Stephen Jones has engaged in fieldwork on the ritual and music of northern China for the past thirty years, and his previous book In Search of the Folk Daoists of North China1 brought the hereditary Daoist priests of Shanxi, Hebei, and Gansu to the forefront of his work. Daoist Priests of the Li Family continues this focus, but shifts from a large-scale survey to deeply intimate portraits of the Daoists (or Yinyang 陰陽, as they are referred to locally) Li Manshan 李满山, his deceased father Li Qing 李清, and other members of the current band of ritual performers. Jones first met the group in 1991, returning to the village in 2001 and 2003, and has focused his research primarily on them since 2011.The book and accompanying film2 illustrate a close connection between Jones and Li, providing great detail on the family of Daoists and Jones’ interactions with them.

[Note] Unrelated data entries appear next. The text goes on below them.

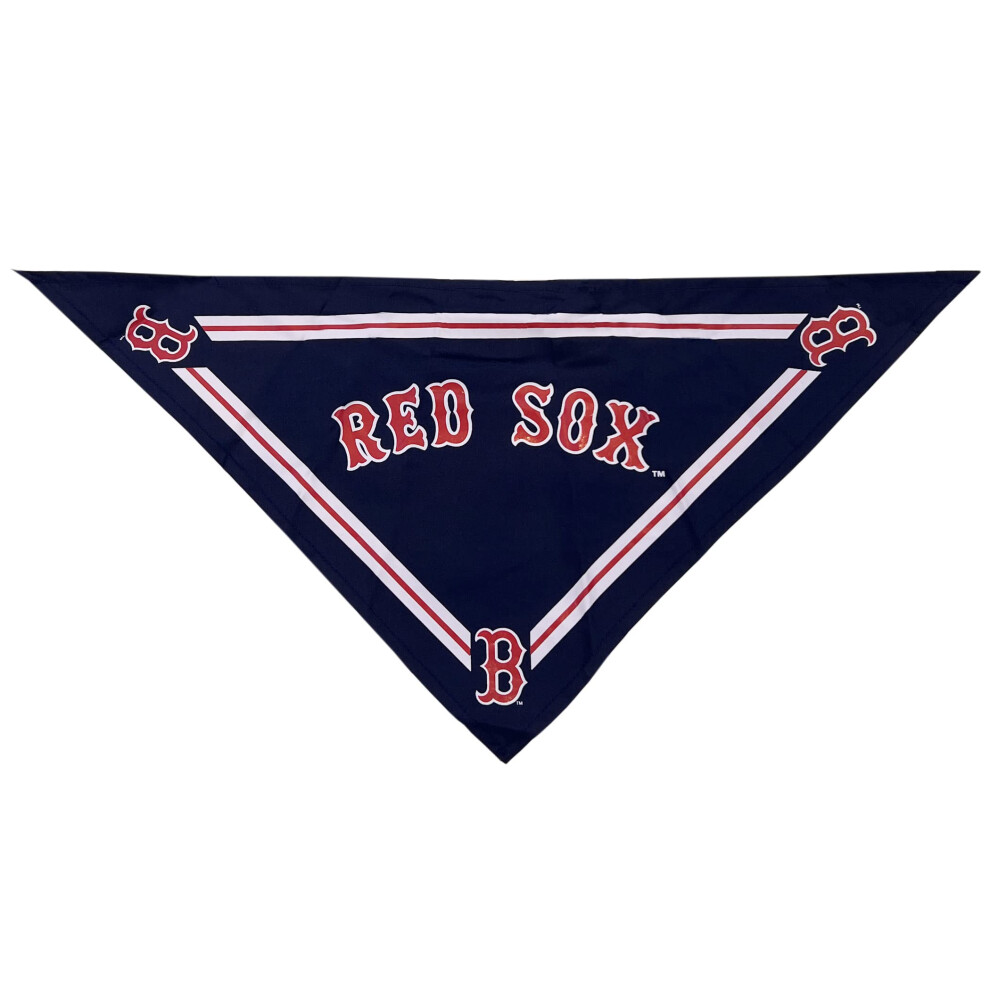 Sporty K9 Officially Licensed MLB Boston Red Sox Dog Bandana For Dogs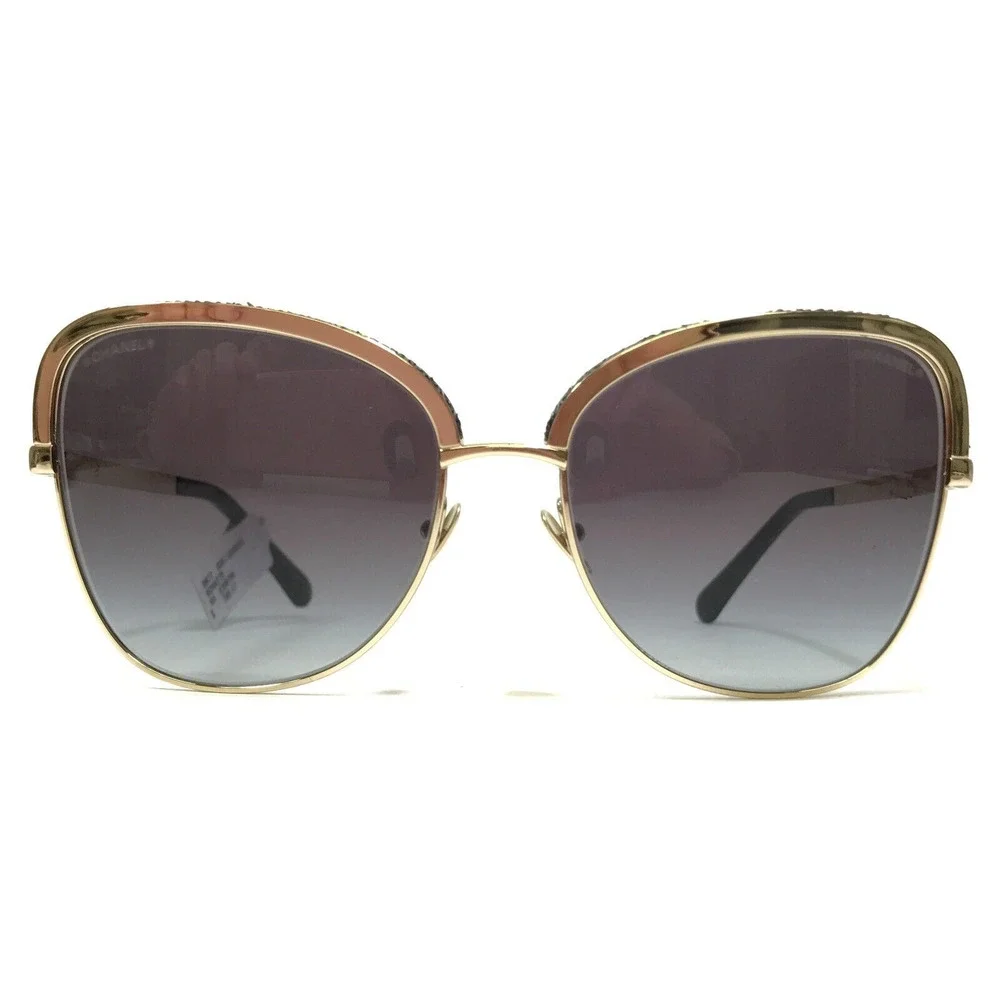 Chanel Sunglasses 395 S6 Gold Chanel Sunglasses 4244 Gold c.395/S6 Gold Chain Accents  main image 4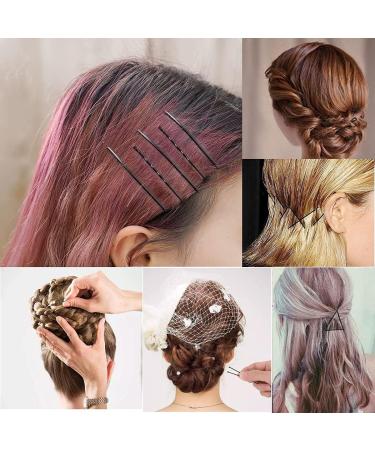 200 Pieces 5 cm Hair Pins Kit Hair Clips Secure Hold Bobby Pins Hair Clips for Women Girls - Buy Online on GoSupps.com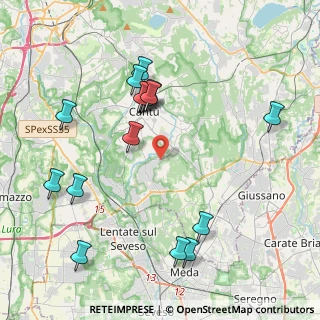 Mappa Via Isonzo, 22060 Figino Serenza CO, Italia (4.38375)
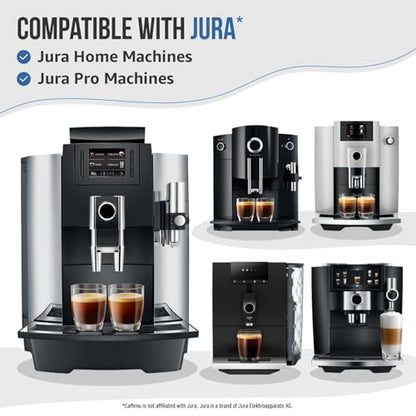 Caffenu Jura Compatible Cleaning Tablets, 30 Count, Home and Pro Machines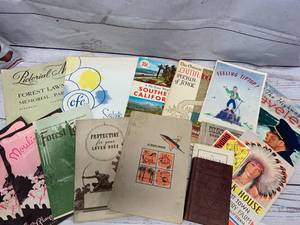 lot 26 image: Lot of Vintage Travel Tourism Brochure  Books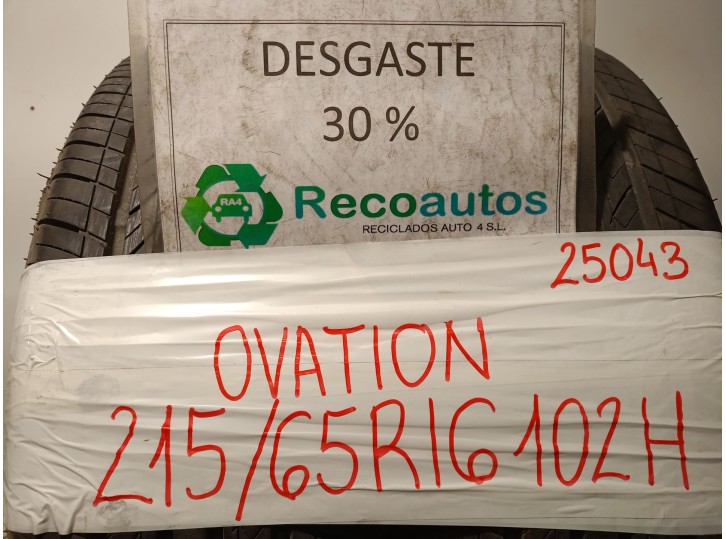 Recambio de neumatico/s para ssangyong rodius i 2.7 xdi referencia OEM IAM 21565R15102H 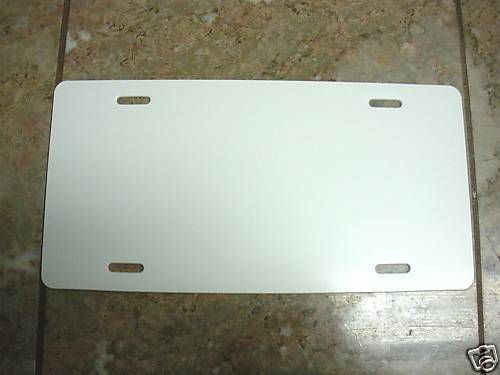 BLANK 6&#034;X12&#034; PLASTIC LICENSE TAG PLATE FOR DECAL -WHITE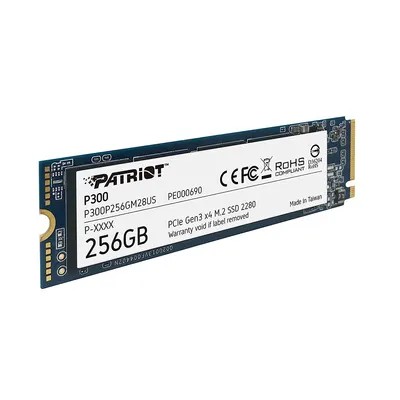 Patriot Твердотельный накопитель SSD Patriot P300 256GB M.2 NVMe PCIe 3.0x4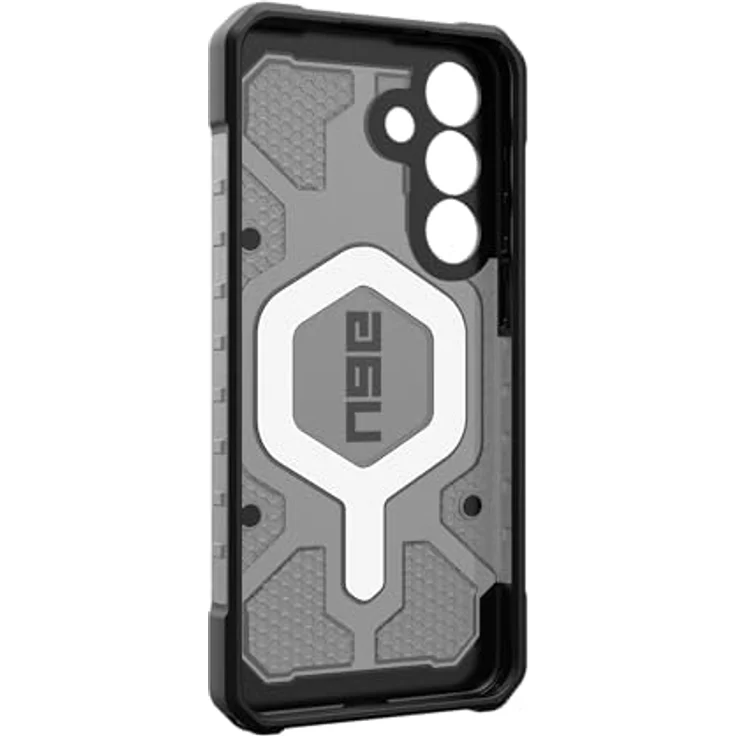 UAG Urban Armor Gear Pathfinder Case mit Magnet-Modul für Samsung Galaxy S25 FE, robuste Smartphone Hülle in Grau mit präzisen Aussparungen und modernem Design – Bild 5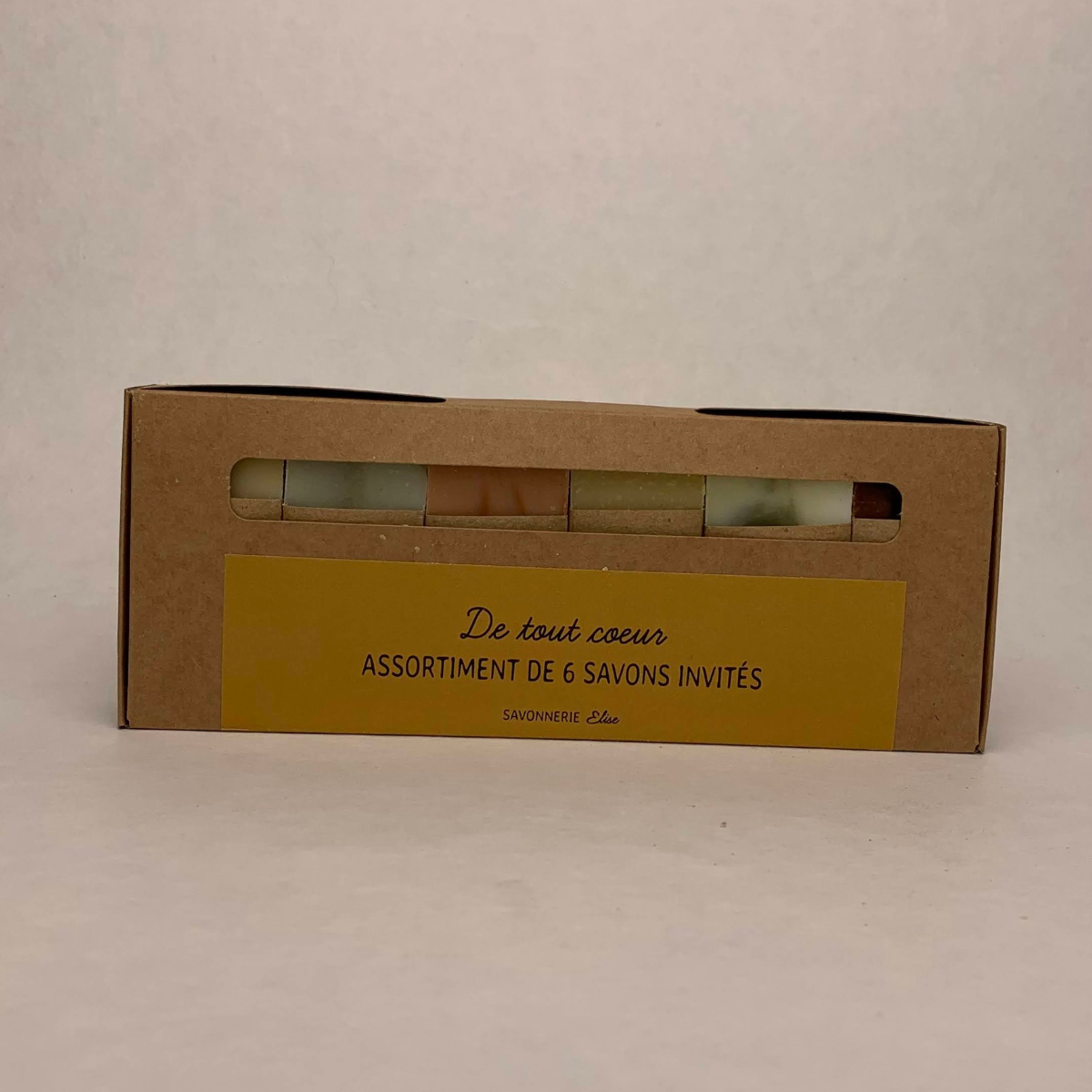 coffret assortiment de savons invités, gourmandises pour le corps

The work is something of a reference book to the Li family, chronicling their history, ritual and musical performances, and manuscript collection. It is divided into six parts, each with three to four chapters, as well as introductory and [End Page 80] concluding chapters, and three appendices. The first three parts present a history of the Li family from Li Qing’s father’s early life in the 1920s, through the Maoist era, and up to the present based largely on interviews with Li Manshan and other surviving relatives, as well as drawing on gazetteers and other local historical documents.

Part 4 explains the collection of hand-written manuscripts that Li Manshan currently holds, though as Jones points out, these are generally not used. Here Jones stresses the importance of performance over text on the assumption that texts, not ethnography, are what the reader is interested in. Part 5 contrasts the texts with the sound and performance of rituals; he describes the various instruments used and details the funerary rites, which are now the most common rituals, as well as rites for thanking the earth for individual households, which are no longer performed, and temple fair rites, which are no longer common for this Daoist group to perform. Here numerous musical scores and translations of hymns are included, but the Chinese text is only present in images of certain manuscripts.

The final section focuses on the future outlooks for the Daoists, their rising prestige through government Intangible Cultural Heritage projects, and travels abroad for performances organized by Jones. These shifts have occurred alongside declining interest paid to them by the rural residents who would normally hire them, perceptions of the instability of the tradition in the future due to its limited income, and simplification of ritual practices. The first appendix presents an argument for fieldwork, with a focus on performance and oral history in Daoist studies, though these points can be found repeatedly throughout the text. The other two appendices list the collection of ritual manuals and describe the chanted scriptures.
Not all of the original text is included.